Meanwhile, growing optimism that a partial trade deal between China and the United States would be concluded soon has also boosted sentiment in global markets. Reports on Wednesday suggested that US negotiators expected a phase one trade deal to be signed before December 15.
But market participants seemed reluctant to overreact to trade-related news, keeping gains across the SHFE base metals muted this morning.
Nickel outperformed its peers on the SHFE in the morning trading session; the alloying metal’s most-traded February contract rose to 105,760 yuan ($15,006) per tonne as at 10.23am Shanghai time, up by 1,820 yuan per tonne – or 1.8% – from the previous day’s close of 103,940 yuan per tonne.

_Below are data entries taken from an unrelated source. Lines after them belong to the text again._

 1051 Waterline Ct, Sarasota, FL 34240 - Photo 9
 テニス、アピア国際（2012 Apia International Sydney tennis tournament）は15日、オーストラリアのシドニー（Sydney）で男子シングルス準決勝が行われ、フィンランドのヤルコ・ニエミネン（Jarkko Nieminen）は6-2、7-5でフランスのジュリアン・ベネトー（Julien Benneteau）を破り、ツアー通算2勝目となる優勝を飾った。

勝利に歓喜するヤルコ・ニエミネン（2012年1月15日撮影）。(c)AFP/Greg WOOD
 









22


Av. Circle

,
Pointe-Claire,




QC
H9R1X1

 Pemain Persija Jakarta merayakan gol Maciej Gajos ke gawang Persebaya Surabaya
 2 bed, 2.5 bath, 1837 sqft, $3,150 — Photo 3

The rebound in nickel comes after a week of declines and the most-traded February contract remains well below its close of 109,330 yuan on November 29.
Gains across the rest of the complex were more marginal: January copper was up by 90 yuan per tonne – or 0.2% – at 47,380 yuan per tonne while January zinc and lead were both up by 0.1% at 18,015 yuan per tonne and 15,080 yuan per tonne respectively.

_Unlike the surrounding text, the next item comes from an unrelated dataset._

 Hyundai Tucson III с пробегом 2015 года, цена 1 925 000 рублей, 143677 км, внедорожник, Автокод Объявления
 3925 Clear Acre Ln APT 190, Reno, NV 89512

January tin dipped by 0.1% to 138,950 yuan per tonne while February aluminium was the worst performer with a 0.5% drop to 13,760 yuan per tonne, with the latter overshadowed by a weak market conditions which has seen short sellers emerge.
“The aluminium market has been negatively impacted by China’s weak economy this year and demand [for the light metal] has been really weak. It is reasonable for investors to sell now because the price may continue to fall later on,” a trader source told Fastmarkets this morning.